A verdade é que o samba é a essência e o pilar imperioso do Carnaval do Rio e de toda a sua história. Essa história que, muitas vezes, se confunde irrmediável e inevitavelmente com a história da própria cidade e até do país. Por isso, lembrei-me deste tema "Os Cinco Bailes Da História Do Rio" que mistura o samba com factos históricos fundamentais quer da cidade, quer do próprio país. Para quem quiser saber os 5 bailes que este samba fala são (segundo o Extra da Globo), 1 - Os 20 anos de fundação da Cidade, em 1585; 2 - A grande festa de mudança de capital do vice-reino do Brasil de Salvador para o Rio de Janeiro, em 1763; 3 – A aclamação de Dom João VI como Rei de Portugal, Brasil e Algarves, em 1818; 4 - O grande baile da Independência do Brasil, em 1822; 5 - O último baile do Império, ocorrido na Ilha Fiscal, em 1889.
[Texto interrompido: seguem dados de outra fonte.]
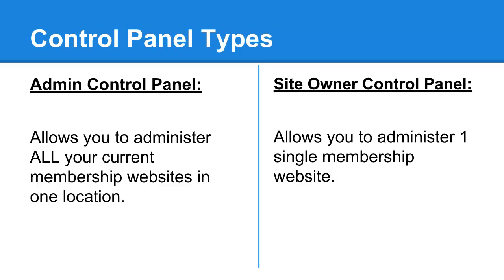Now a different type of control panel is what we call the Site Owner Control Panel, and this allows you to administer just one single membership website at a time. If someone has this login, they'll have to physically go to your membership website URL and login.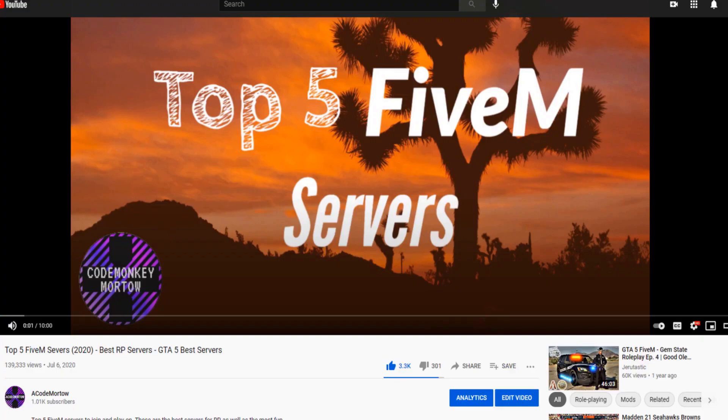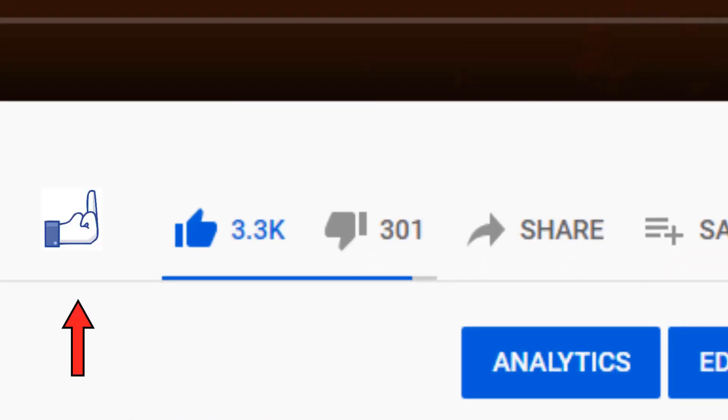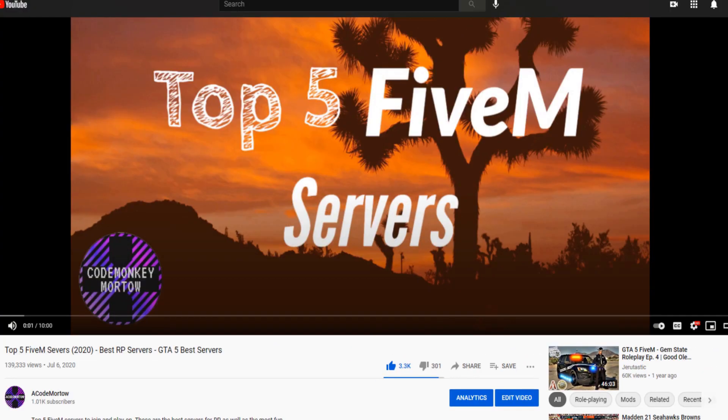Alright guys, you know what time it is — it's time to shamelessly self-promote the channel. I need you to go ahead and hit that like button, hit the subscribe button, hit the share button. Go down in the comments and tell me how I left out your favorite tip — I'd love to hear about it.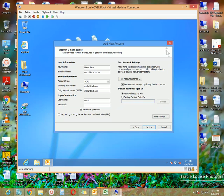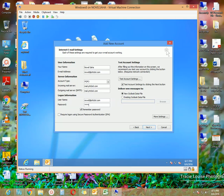Your incoming and outgoing mail server addresses are provided by your internet service provider. If you do not have any idea, just ask your ISP for the incoming and outgoing mail server addresses, then type them here. For logon information, type your email address — in my case novel@pttcbd.com — and supply the password for the account. This is the password your company administrator provided when they created the email account for you.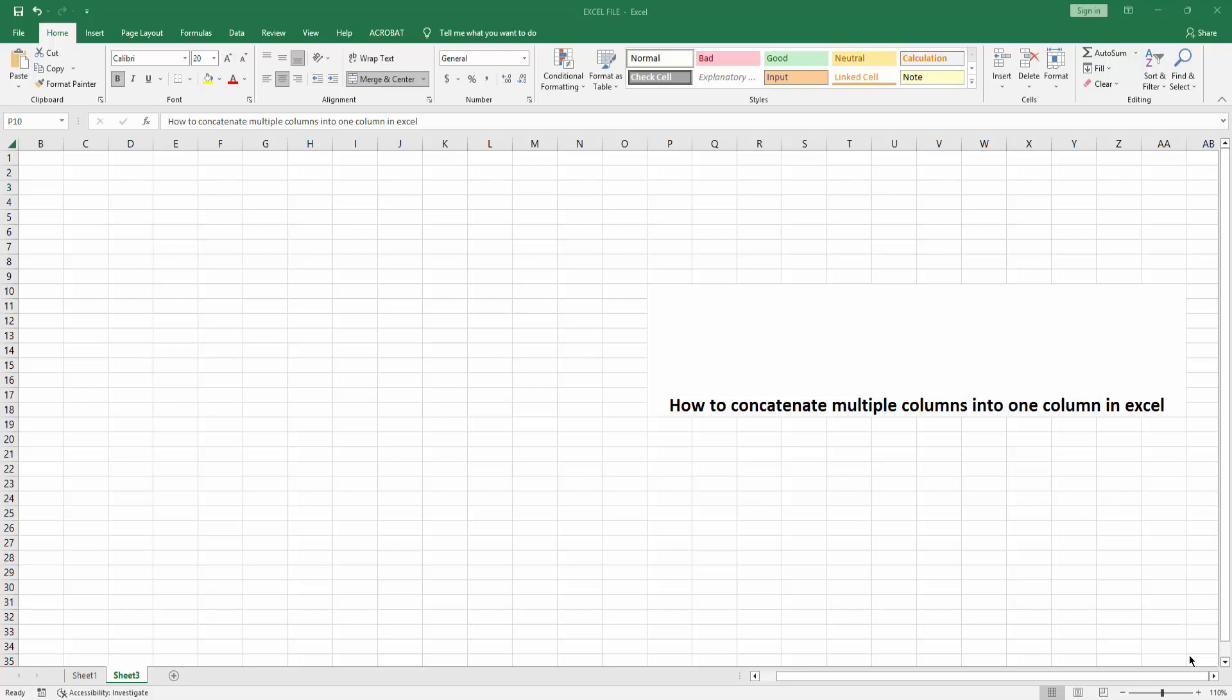Hello friends, welcome back to my another video. In this video I am going to show you how to concatenate multiple columns into one column in Excel. Let's get started. At first you have to open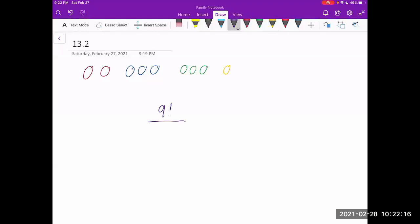But we have to account for over counting. And so whenever I switch these red donuts, it's still going to be the same rearrangement since I can't tell them apart. So how many ways can I rearrange these red donuts? And that'll help me account for over counting. And I can rearrange these red donuts in two factorial different ways since there are two donuts. So I'm going to divide by two factorial.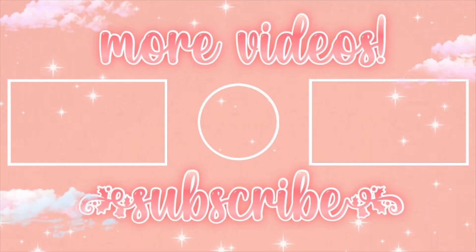Thank you so much for watching and if this helped you, don't forget to leave a like and consider subscribing. If you have any questions, feel free to comment them down below. Thank you so much for watching.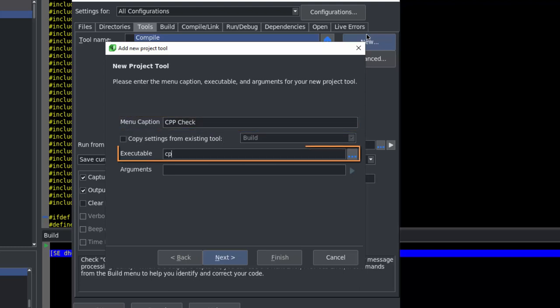For the executable, we'll put CppCheck. You might have noticed we're using Linux in this video, so the case matters. Also, I've made sure that CppCheck is in the path in this instance.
O tema é também, nele próprio, um pedaço importante desta história convergente pois, foi criado para ser samba enredo da escola de samba Império Serrano em 1965, ano ano do quarto centenário do Rio de Janeiro, é interpretado, aqui, por um dos marechais do samba do e da escola Império Serrano, o grão mestre do samba e de todos os carnavais, Wilson das Neves e, além disso, o tema foi popularizado e co-composto por outra imperatriz incondicional  do samba, Dona Ivone Lara e consta do seu disco de homenagem lançado em 2015 e que faz parte da coleção Sambabook.
Salve o samba, todos os bambas e todos os que gostam de samba pois bons sujeitos serão, de certeza. Ô sorte!!!